When I started trying to promote my own artwork online I kept coming across other people's art that amazed or compelled me in one way or another. This blog has been a way for me to practice thinking and writing about art, as well as learning more about my peers and all the incredible art that is being made out there.

Search for an Artist on this blog (or cut and paste from the list at the bottom of this page)

Thursday, January 10, 2013

Grant Miller

untitled (67) (diptych)  Acrylic on Aluminum Panel  77 x 96 in.

detail, untitled (67) (diptych)  Acrylic on Aluminum Panel  77 x 96 in.

Untitled (2)  Acrylic on Aluminum Panel  48 x 72 in

Untitled (60)  Acrylic on Aluminum Panel  41 x 46 in.
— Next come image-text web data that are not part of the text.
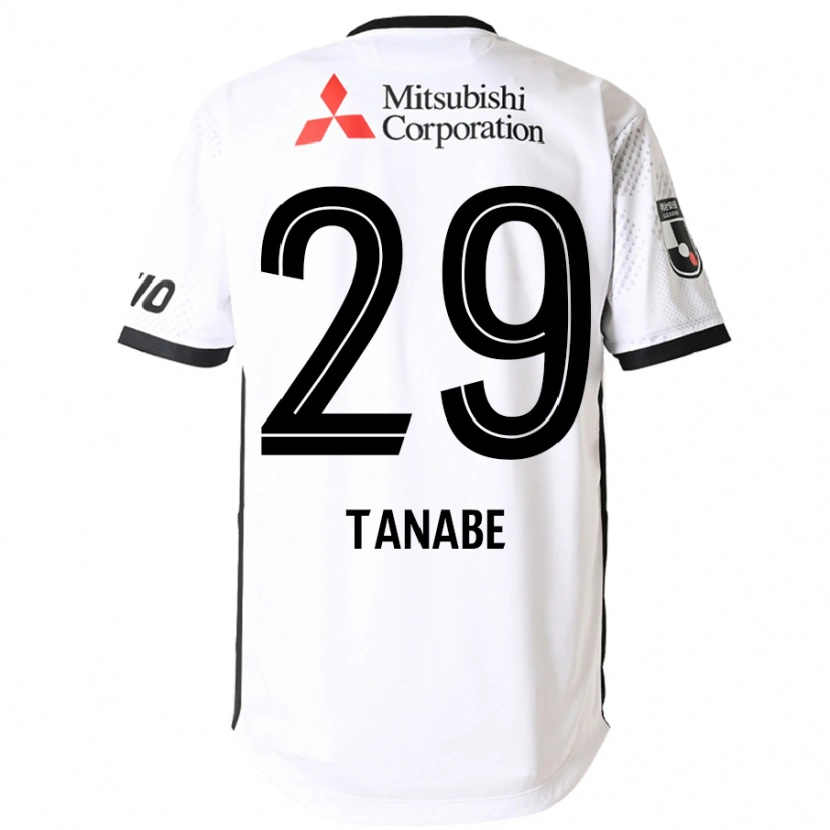 Danxen Mujer Camiseta Haruta Tanabe #29 Blanco Negro 2ª Equipación 2025/26 La Camisa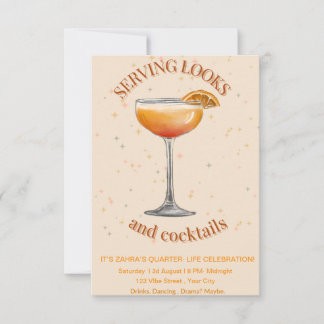 Trendy Cocktail Party Geburtstagseinladung - Glam Save The Date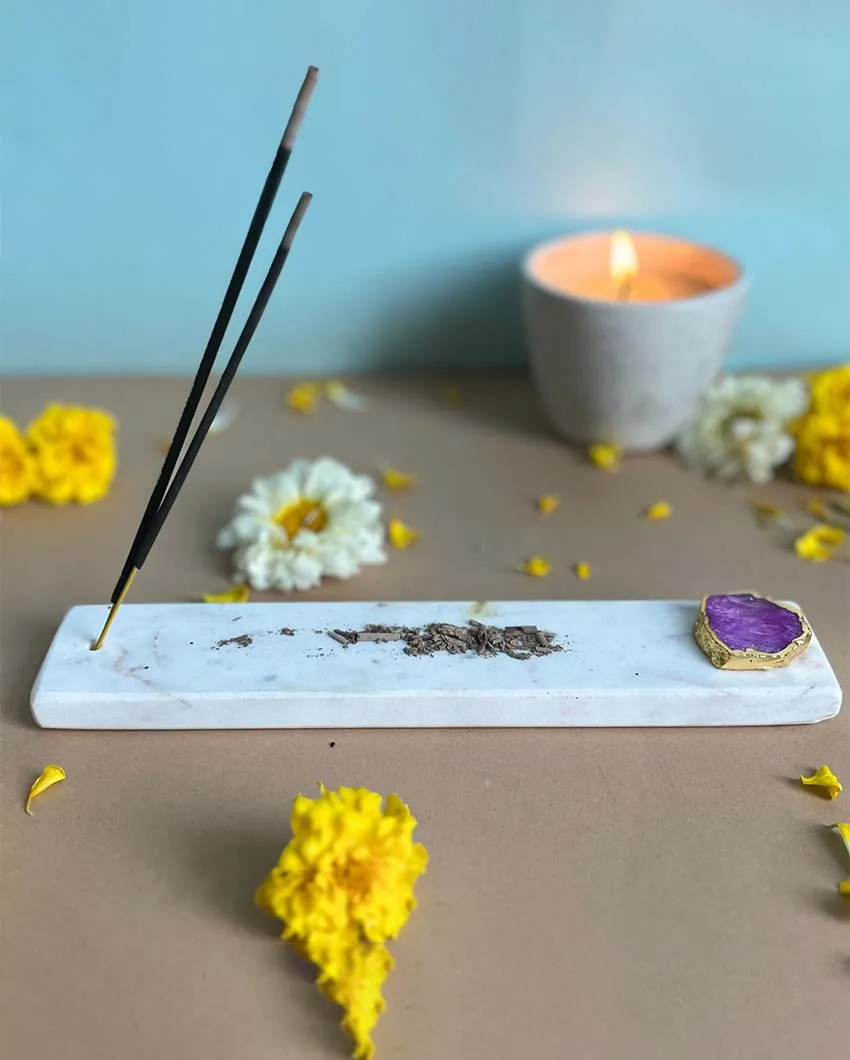 Handmade Marble Puja Incense Stick Holder | Multiple Colors | 9 x 2 inches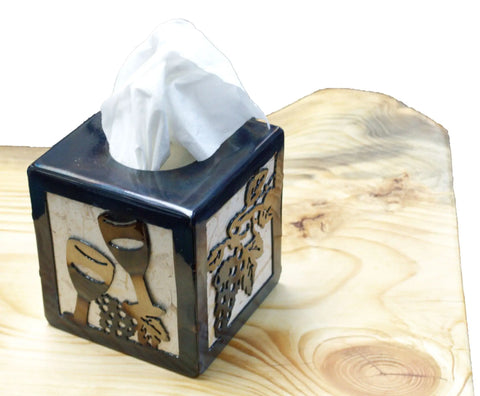 Handcrafted Wine Glass And Grape Cluster Tissue Box Cover – Decorative Square Accent | Made in USA Knights Home Decor  item
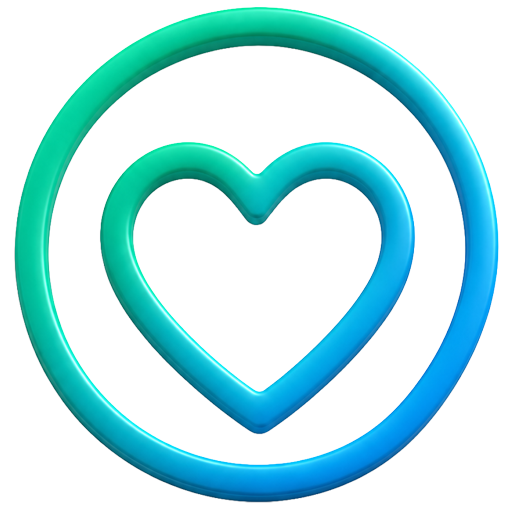 Ein Herzsymbol mit blau-grünem Farbverlauf in einem Kreis auf weißem Hintergrund.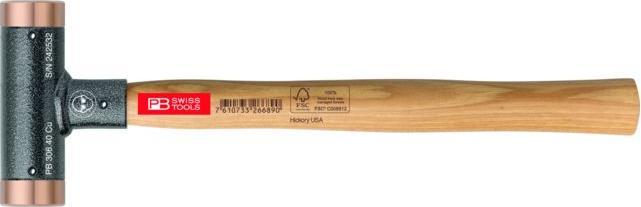 Actual product image PB Swiss Tools Non-rebound hammer with copper inserts Hickory handle (750 g)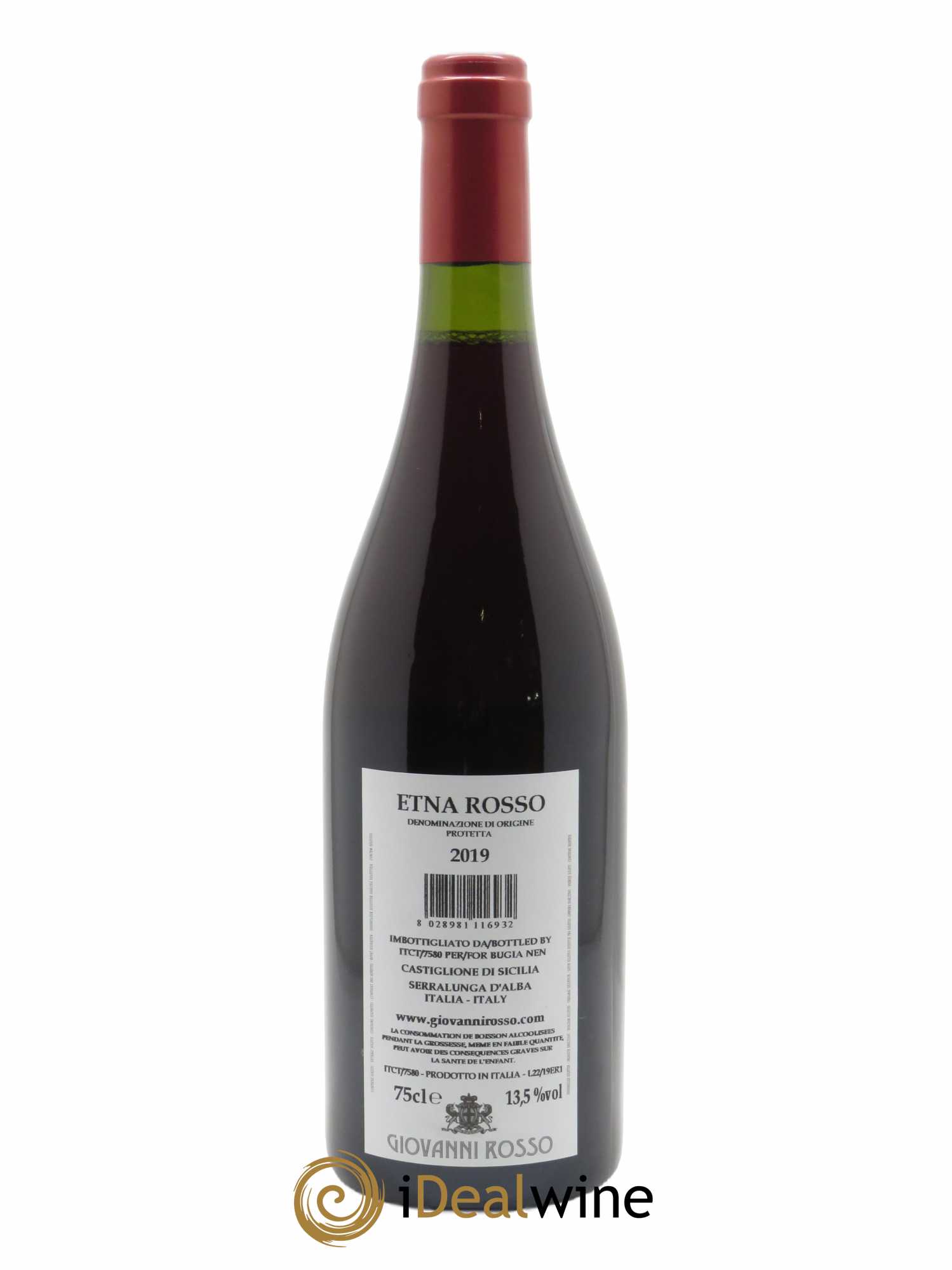Etna Rosso DOC Giovanni Rosso  2019 - Lot de 1 Bouteille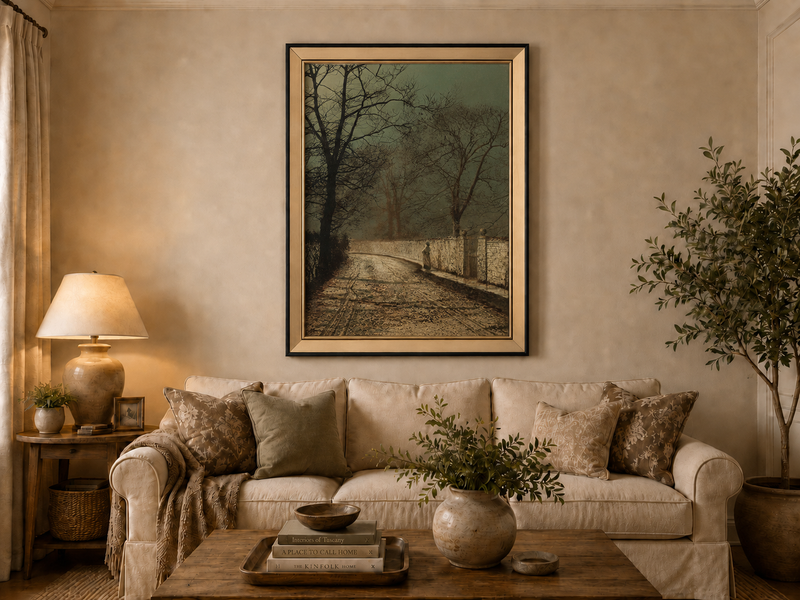 Landscape Oil Painting - Quiet Moonlit Country Lane in Autumn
untitled (SVB-374)  Acrylic and Mixed Media on Wood Panel  48" x 48"

Historically lot of abstract painting has been all about acknowledging the flatness of the painting, jettisoning the illusion of depth. Grant Miller is not unique in heading off in the opposite direction, but his work creates depth with it's own peculiar energy and exuberance. He builds up transparent, semi-transparent and opaque layers to create something akin to atmospheric perspective in addition to the more obvious linear perspective formed by assorted frames, ladders and other architectural elements. The linear perspective of course obeys no ruling vanishing points, but heads off in innumerable directions while sinuous ribbons and amorphous blobs fall haphazardly amidst it all. At times it can feel like he's creating the illusion of not just a third dimension, but possibly a fourth and fifth as well. The looser more gestural forms look almost like something that a 5 dimensional baby spilled on it's fathers 4 dimensional schematic drawing. The layering is the real key to it all. The material and drawing that you don't see is as important, maybe more so, than the graphic pop-art elements floating around on the surface. That's where the real depth, that vague impression of non-euclidean geometry, springs from.